As we begin the second year of the Duncan Administration's experiment with turnarounds at scale, the modest results of his program must be seen in context. We have two decades of trying to turnaround failing schools, but we still wrestle with the same common sense issue. Regardless of how many billions of dollars are invested in data, the question is how do we build respectful learning cultures in inner city secondary schools.
For instance, the Las Vegas Sun reports on a new principal's plans to ban electronic devices, because, "when you have kids who are used to aimlessly texting and taking calls at will, walking into class with ear buds at will, listening to music and ignoring teachers, instruction suffers." He plans to enforce the tardy policy and put an end to students cutting class and "just walking the hallways aimlessly."
The obvious question is why the educators at the old school were not allowed to take control of the building.

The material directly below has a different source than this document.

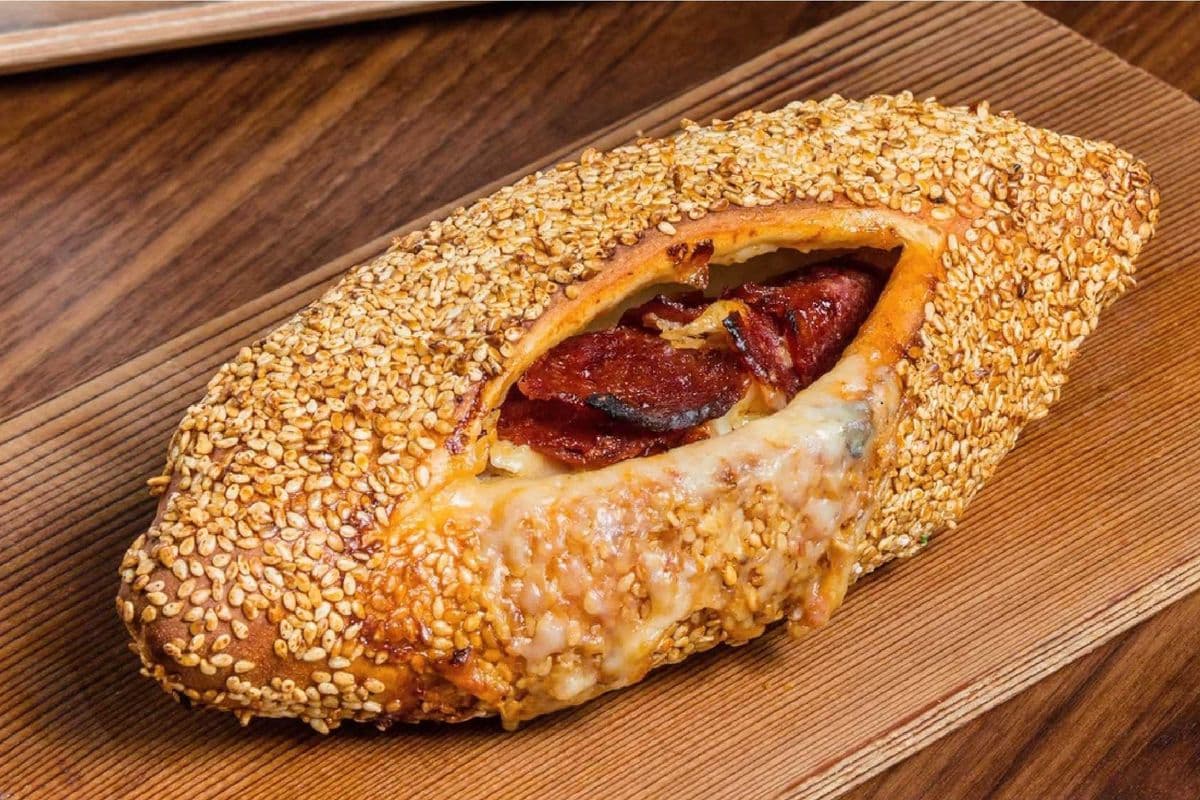 Stuffed Bagel Sandwiches (Sausage and Mozarella)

But, I do not want to go there. If it takes a $3.5 billion dollar roll of the dice to focus the minds of policy wonks on reality, perhaps the proper response is, "better late than never."

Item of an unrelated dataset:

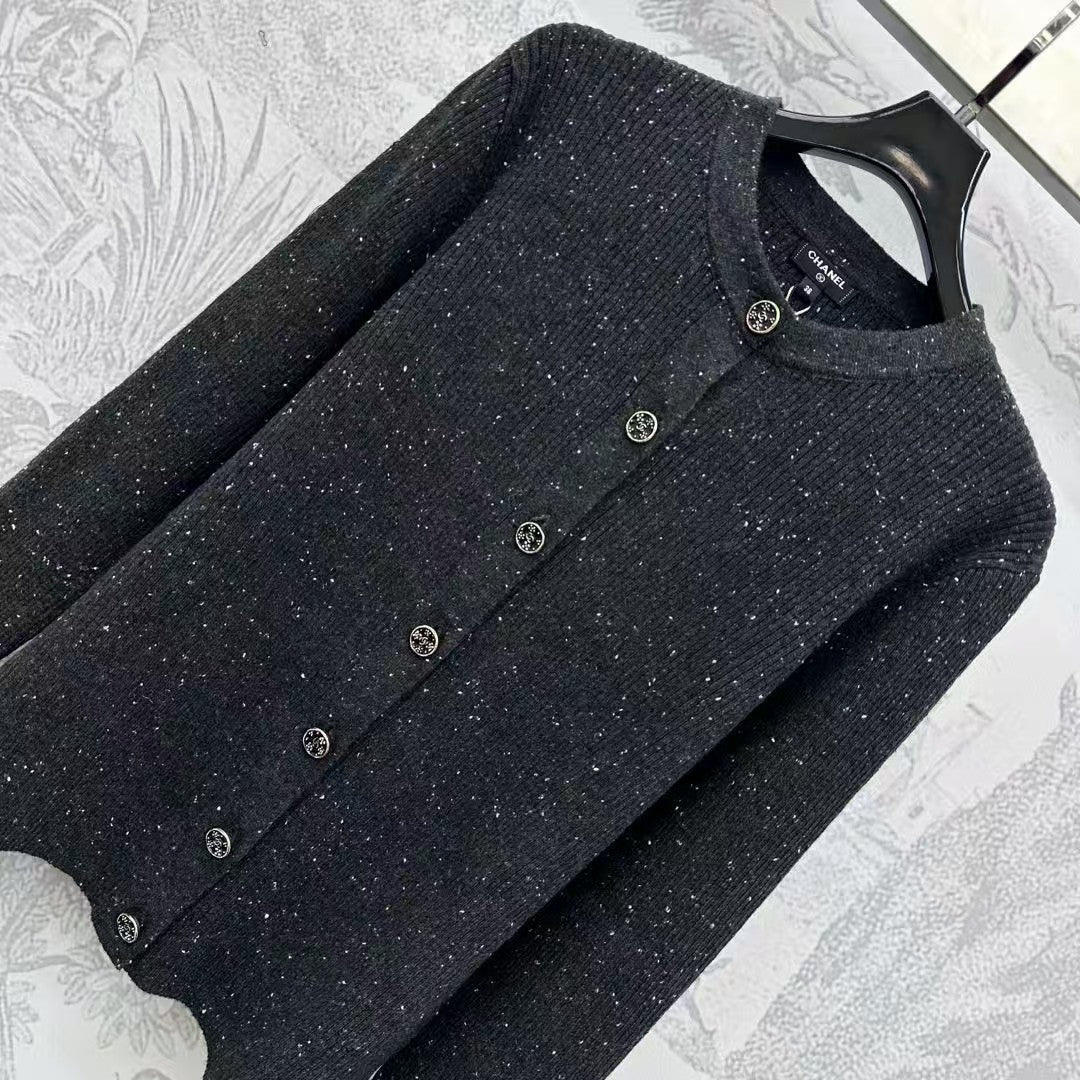 New round neck knitted cardigan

The next step should be reading Charles Payne's "Turning Around on Turnarounds," in I Used to Think ... And Now I Think.... Payne is the veteran Chicago administrator who wrote, So Much Reform, So Little Change. He originally thought that the new wave of turnarounds would be another "silver bullet de jour." Now, he thinks that "there might really be a 'there' there."
Payne still has doubts regarding the main pillars of Duncan's policies. He does not support the shortcut where districts "just back up the truck and fire everybody." He disputes the wisdom of "hanging the sword of Damocles" over teachers and saying, "if things don't get better you will be gone." It is clear, writes Payne, "that jobs in turnaround schools are burnout jobs."
Payne has visited many Chicago turnarounds, and he does not "discount stories of what some would call 'cheating' -- aggressive removal of the most disruptive students" and "massaging the numbers." But he is struck by the number of students who have changed their minds on turnarounds. Now, many feel that their school's turnaround was the best thing in their high school careers.
Payne then addressed the issue of "freewheeling suspensions of students." Always a realist, Payne concludes "that in long-out-of-control schools, leadership has first got to take control, and suspensions are a part of that."
Even better, Payne calls for hard thinking about the best ways to handle persistently disruptive students, and provide supports to suspended students. "Maybe if you invest heavily in social supports ... you can institutionalize higher expectations for behavior and instruction."
Payne concludes that the right question is not whether the latest turnaround effort is a bad or good idea. He emphasizes, "the better question is What would it take for us to make something out of it?" If reality-based policies come out of Duncan's turnarounds, I hope, the short term damage done to teachers could be worth it.